## WHAT IS EXPECTED
Among the entries below, only the lines from the one with "Pug In Charge" through the one with "Puma Herren Grafik" are to be retyped, exactly and without pictures.

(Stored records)
════════════════════
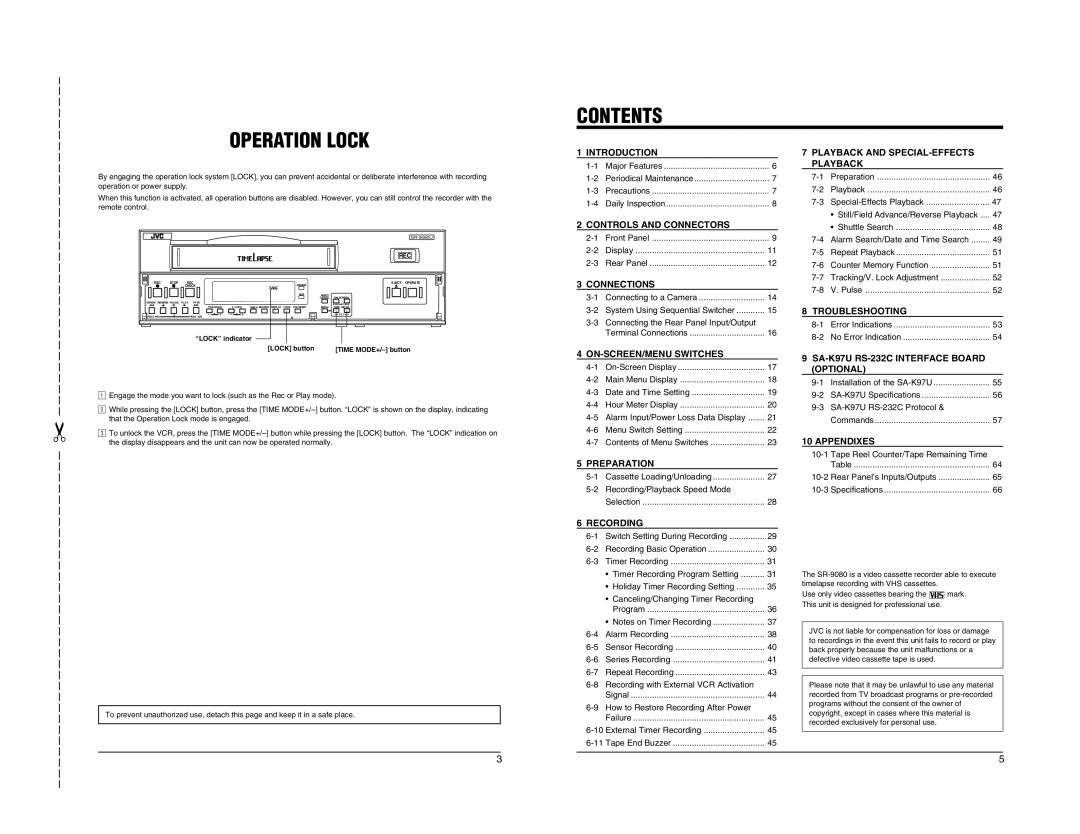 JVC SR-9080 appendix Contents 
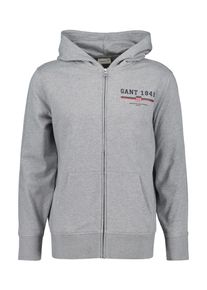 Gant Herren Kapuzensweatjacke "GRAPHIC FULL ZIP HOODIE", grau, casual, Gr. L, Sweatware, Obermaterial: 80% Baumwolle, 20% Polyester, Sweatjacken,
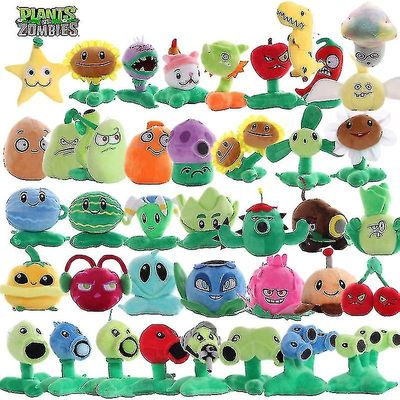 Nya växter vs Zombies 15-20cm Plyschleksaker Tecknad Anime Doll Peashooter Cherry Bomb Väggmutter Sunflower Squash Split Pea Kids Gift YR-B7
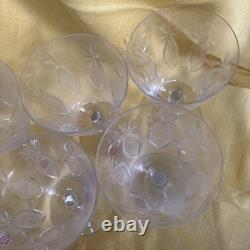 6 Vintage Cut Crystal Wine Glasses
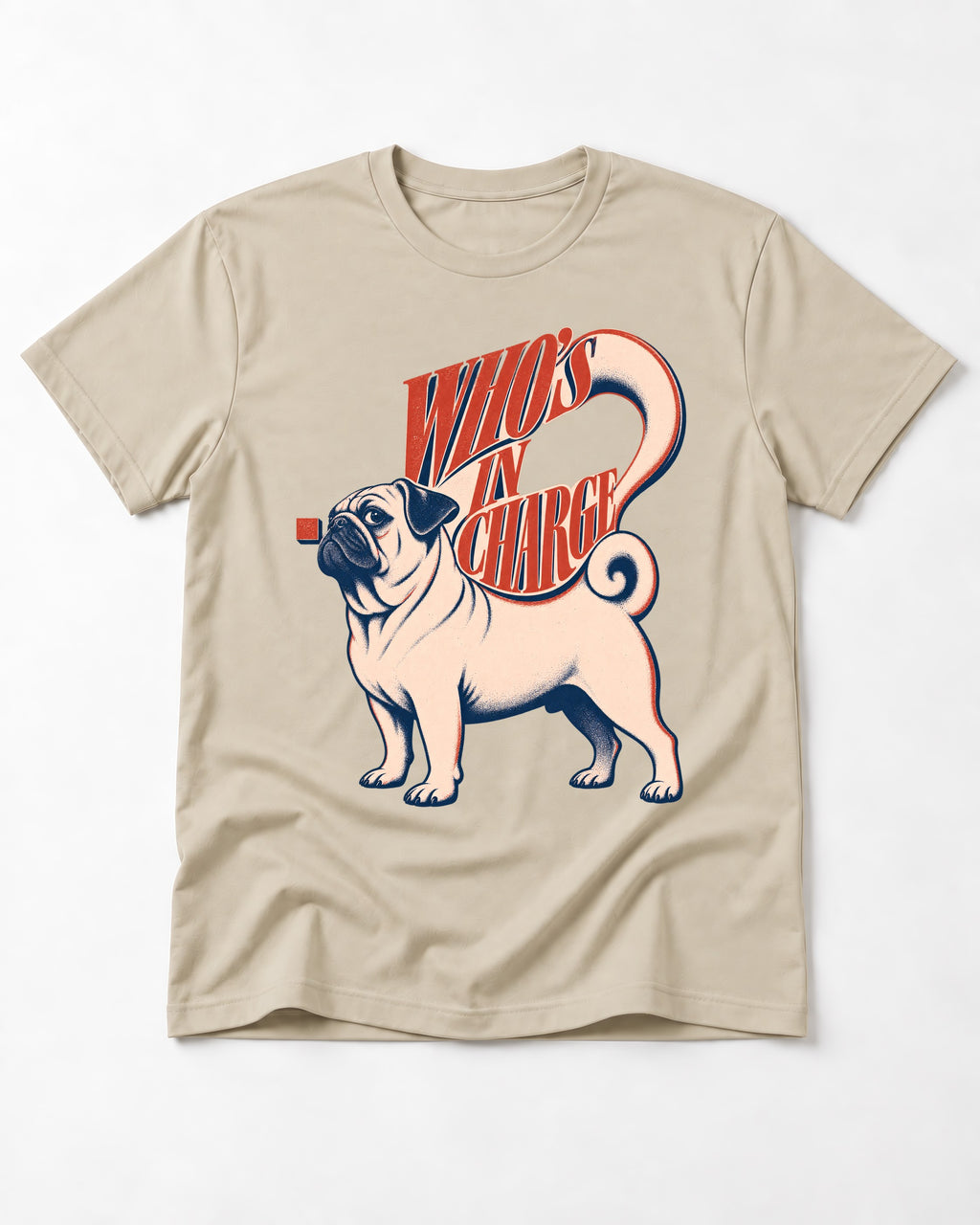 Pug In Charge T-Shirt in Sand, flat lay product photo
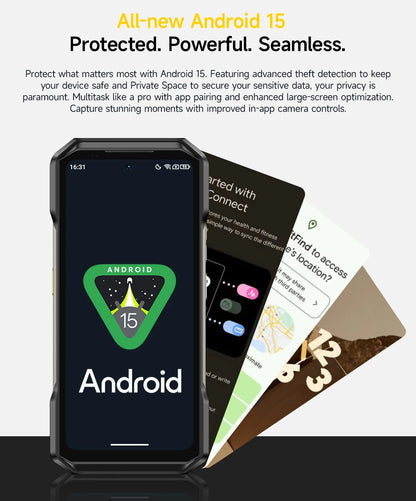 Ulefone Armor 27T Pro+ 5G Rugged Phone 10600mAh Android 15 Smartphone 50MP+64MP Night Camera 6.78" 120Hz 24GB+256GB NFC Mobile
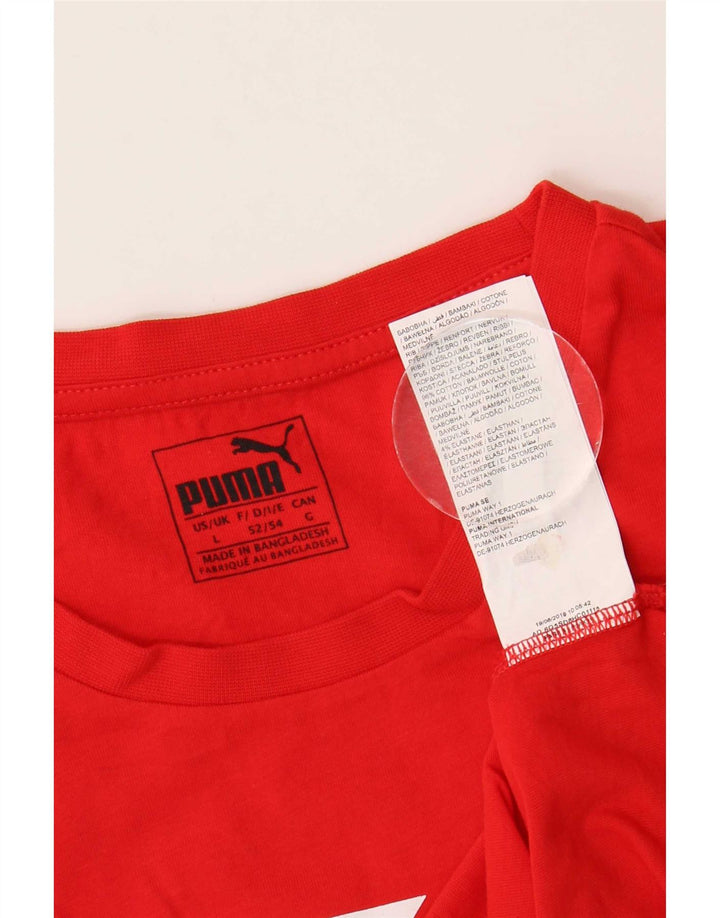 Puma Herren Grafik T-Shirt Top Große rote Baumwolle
════════════════════
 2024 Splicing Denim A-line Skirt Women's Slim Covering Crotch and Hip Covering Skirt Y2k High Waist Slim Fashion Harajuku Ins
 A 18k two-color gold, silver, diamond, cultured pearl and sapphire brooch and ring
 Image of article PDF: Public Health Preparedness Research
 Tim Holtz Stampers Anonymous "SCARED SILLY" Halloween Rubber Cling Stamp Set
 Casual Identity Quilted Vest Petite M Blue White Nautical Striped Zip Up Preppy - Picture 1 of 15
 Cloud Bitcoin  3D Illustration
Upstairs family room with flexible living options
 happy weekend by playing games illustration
════════════════════
## FINAL ANSWER
 Pug In Charge T-Shirt in Sand, flat lay product photo
 Ulefone Armor 27T Pro+ 5G Rugged Phone 10600mAh Android 15 Smartphone 50MP+64MP Night Camera 6.78" 120Hz 24GB+256GB NFC Mobile
 Puma Herren Grafik T-Shirt Top Große rote Baumwolle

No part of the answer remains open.